* **THE INPUT**
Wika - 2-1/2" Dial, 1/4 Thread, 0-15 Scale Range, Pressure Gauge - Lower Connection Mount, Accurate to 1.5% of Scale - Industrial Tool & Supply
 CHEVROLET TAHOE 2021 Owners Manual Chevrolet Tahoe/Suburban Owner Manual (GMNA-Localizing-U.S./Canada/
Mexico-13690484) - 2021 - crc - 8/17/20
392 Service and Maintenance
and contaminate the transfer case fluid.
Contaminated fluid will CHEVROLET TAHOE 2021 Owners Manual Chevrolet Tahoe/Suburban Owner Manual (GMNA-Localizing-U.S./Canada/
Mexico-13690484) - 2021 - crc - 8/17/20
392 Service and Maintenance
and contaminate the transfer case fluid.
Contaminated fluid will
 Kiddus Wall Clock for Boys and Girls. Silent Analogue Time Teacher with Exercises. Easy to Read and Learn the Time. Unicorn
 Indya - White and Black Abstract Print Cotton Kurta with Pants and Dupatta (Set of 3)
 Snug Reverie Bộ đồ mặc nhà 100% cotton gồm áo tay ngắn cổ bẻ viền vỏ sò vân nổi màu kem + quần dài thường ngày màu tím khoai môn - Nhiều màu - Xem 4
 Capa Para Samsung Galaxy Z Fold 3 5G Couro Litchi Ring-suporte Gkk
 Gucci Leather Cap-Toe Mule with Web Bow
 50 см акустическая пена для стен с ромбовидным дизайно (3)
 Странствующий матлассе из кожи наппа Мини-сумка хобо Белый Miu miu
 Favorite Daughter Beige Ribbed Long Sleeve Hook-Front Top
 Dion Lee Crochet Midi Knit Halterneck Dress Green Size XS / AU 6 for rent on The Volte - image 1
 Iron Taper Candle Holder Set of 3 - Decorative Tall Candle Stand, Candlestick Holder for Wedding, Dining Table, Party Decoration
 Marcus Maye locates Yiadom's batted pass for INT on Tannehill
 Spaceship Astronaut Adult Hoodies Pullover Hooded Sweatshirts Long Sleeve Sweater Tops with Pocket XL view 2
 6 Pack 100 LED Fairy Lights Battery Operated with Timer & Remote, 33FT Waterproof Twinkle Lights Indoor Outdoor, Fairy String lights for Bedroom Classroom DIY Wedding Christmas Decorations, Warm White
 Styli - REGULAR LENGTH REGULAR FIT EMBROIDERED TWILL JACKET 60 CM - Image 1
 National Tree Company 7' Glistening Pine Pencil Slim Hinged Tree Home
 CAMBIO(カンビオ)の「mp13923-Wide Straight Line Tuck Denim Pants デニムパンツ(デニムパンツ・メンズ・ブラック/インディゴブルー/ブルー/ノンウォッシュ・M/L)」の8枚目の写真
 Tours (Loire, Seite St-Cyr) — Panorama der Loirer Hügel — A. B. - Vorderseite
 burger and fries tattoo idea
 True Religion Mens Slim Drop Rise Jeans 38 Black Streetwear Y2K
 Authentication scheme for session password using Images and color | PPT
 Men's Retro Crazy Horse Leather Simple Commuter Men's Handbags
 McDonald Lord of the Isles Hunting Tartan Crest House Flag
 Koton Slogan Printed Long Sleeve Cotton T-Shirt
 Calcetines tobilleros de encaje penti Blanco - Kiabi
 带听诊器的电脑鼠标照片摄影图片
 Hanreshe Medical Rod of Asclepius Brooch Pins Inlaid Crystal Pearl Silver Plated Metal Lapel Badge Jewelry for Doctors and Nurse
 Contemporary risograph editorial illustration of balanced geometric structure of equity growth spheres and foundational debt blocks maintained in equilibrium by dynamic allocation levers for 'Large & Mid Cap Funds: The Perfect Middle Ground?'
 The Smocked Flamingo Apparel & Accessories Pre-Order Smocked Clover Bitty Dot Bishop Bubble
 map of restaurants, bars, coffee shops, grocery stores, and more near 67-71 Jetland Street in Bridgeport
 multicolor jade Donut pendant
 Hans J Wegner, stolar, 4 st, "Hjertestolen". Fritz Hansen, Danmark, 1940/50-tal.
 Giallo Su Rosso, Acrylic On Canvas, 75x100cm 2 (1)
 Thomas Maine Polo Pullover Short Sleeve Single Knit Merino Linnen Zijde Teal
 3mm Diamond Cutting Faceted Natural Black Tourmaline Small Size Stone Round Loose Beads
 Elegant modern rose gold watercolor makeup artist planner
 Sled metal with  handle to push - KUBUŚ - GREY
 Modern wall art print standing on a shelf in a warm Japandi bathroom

* **WORK ORDER**
In the records above, find each line with the string "Wedding" and list it.

* **ANSWER SECTION**
 Iron Taper Candle Holder Set of 3 - Decorative Tall Candle Stand, Candlestick Holder for Wedding, Dining Table, Party Decoration
 6 Pack 100 LED Fairy Lights Battery Operated with Timer & Remote, 33FT Waterproof Twinkle Lights Indoor Outdoor, Fairy String lights for Bedroom Classroom DIY Wedding Christmas Decorations, Warm White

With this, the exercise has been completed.